Transcribe, word for word and without additions, each line below from the one containing "6617 Joanna Cir, Fort" through the one containing "Eladó Budapest XIII.", both ends included.
============================================================
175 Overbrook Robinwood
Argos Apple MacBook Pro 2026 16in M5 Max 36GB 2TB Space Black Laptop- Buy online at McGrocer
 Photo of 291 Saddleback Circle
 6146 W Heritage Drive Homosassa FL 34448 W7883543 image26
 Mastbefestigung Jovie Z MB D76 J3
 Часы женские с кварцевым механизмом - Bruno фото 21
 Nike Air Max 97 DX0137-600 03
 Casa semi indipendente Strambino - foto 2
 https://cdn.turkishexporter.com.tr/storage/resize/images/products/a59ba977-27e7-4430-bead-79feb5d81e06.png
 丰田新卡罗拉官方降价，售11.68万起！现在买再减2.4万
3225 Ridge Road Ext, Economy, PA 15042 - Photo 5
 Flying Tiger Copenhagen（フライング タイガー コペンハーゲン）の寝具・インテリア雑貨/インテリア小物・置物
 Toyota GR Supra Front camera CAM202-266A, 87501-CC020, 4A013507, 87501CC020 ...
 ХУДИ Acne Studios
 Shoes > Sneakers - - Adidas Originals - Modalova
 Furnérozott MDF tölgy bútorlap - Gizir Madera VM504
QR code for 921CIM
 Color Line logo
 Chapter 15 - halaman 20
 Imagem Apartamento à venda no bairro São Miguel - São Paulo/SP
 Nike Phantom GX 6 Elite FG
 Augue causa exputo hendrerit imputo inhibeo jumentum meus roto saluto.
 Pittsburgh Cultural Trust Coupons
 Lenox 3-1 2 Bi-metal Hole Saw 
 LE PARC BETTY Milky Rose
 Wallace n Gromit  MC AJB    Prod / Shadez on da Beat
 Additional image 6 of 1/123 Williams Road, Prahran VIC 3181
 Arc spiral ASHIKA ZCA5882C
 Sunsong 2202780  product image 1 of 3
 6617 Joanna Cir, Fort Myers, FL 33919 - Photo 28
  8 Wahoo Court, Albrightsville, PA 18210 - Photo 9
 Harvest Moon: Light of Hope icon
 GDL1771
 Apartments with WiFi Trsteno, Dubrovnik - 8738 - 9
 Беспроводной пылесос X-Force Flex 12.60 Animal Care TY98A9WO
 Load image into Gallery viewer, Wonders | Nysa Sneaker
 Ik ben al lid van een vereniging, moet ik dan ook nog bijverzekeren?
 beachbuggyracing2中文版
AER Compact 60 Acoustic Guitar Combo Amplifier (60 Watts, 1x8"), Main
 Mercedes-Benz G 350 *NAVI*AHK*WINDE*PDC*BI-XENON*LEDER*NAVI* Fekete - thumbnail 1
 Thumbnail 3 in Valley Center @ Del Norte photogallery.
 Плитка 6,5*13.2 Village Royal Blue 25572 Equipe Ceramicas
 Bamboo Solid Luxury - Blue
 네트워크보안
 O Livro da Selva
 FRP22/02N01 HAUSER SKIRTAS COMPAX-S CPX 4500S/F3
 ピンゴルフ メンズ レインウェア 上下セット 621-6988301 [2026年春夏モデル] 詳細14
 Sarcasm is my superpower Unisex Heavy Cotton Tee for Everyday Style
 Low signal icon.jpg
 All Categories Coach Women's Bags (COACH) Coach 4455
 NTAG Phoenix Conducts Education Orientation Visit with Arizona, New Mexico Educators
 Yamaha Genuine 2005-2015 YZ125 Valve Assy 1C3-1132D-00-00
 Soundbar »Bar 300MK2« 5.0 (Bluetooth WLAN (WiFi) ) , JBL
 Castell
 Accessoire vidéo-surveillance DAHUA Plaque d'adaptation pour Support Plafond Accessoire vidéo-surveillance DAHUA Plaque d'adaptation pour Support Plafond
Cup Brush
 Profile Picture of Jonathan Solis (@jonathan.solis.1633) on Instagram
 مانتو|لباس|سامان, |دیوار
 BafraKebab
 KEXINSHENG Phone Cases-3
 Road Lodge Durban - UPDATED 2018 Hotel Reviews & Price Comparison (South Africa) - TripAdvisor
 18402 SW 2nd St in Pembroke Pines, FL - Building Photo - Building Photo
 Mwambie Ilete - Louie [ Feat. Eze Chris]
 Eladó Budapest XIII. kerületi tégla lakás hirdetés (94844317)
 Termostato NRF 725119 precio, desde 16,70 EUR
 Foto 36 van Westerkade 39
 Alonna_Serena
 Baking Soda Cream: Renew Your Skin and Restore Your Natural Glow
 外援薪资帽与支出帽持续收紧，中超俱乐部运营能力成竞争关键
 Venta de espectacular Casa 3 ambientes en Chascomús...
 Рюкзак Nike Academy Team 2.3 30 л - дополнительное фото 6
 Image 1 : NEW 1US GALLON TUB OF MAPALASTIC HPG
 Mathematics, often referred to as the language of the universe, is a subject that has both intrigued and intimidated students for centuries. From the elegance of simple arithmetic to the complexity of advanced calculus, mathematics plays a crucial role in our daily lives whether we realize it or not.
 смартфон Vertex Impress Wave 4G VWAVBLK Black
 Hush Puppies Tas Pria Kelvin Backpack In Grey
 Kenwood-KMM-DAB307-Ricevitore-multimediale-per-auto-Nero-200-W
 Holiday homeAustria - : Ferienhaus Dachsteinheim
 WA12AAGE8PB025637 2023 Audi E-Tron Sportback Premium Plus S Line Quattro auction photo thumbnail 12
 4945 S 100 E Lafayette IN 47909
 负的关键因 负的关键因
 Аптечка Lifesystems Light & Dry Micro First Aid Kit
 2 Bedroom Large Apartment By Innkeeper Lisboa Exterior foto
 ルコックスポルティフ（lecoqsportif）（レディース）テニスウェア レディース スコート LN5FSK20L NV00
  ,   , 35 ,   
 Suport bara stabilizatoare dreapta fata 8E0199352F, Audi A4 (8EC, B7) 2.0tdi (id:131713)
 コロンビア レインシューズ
============================================================
Solution for this problem:
 6617 Joanna Cir, Fort Myers, FL 33919 - Photo 28
  8 Wahoo Court, Albrightsville, PA 18210 - Photo 9
 Harvest Moon: Light of Hope icon
 GDL1771
 Apartments with WiFi Trsteno, Dubrovnik - 8738 - 9
 Беспроводной пылесос X-Force Flex 12.60 Animal Care TY98A9WO
 Load image into Gallery viewer, Wonders | Nysa Sneaker
 Ik ben al lid van een vereniging, moet ik dan ook nog bijverzekeren?
 beachbuggyracing2中文版
AER Compact 60 Acoustic Guitar Combo Amplifier (60 Watts, 1x8"), Main
 Mercedes-Benz G 350 *NAVI*AHK*WINDE*PDC*BI-XENON*LEDER*NAVI* Fekete - thumbnail 1
 Thumbnail 3 in Valley Center @ Del Norte photogallery.
 Плитка 6,5*13.2 Village Royal Blue 25572 Equipe Ceramicas
 Bamboo Solid Luxury - Blue
 네트워크보안
 O Livro da Selva
 FRP22/02N01 HAUSER SKIRTAS COMPAX-S CPX 4500S/F3
 ピンゴルフ メンズ レインウェア 上下セット 621-6988301 [2026年春夏モデル] 詳細14
 Sarcasm is my superpower Unisex Heavy Cotton Tee for Everyday Style
 Low signal icon.jpg
 All Categories Coach Women's Bags (COACH) Coach 4455
 NTAG Phoenix Conducts Education Orientation Visit with Arizona, New Mexico Educators
 Yamaha Genuine 2005-2015 YZ125 Valve Assy 1C3-1132D-00-00
 Soundbar »Bar 300MK2« 5.0 (Bluetooth WLAN (WiFi) ) , JBL
 Castell
 Accessoire vidéo-surveillance DAHUA Plaque d'adaptation pour Support Plafond Accessoire vidéo-surveillance DAHUA Plaque d'adaptation pour Support Plafond
Cup Brush
 Profile Picture of Jonathan Solis (@jonathan.solis.1633) on Instagram
 مانتو|لباس|سامان, |دیوار
 BafraKebab
 KEXINSHENG Phone Cases-3
 Road Lodge Durban - UPDATED 2018 Hotel Reviews & Price Comparison (South Africa) - TripAdvisor
 18402 SW 2nd St in Pembroke Pines, FL - Building Photo - Building Photo
 Mwambie Ilete - Louie [ Feat. Eze Chris]
 Eladó Budapest XIII. kerületi tégla lakás hirdetés (94844317)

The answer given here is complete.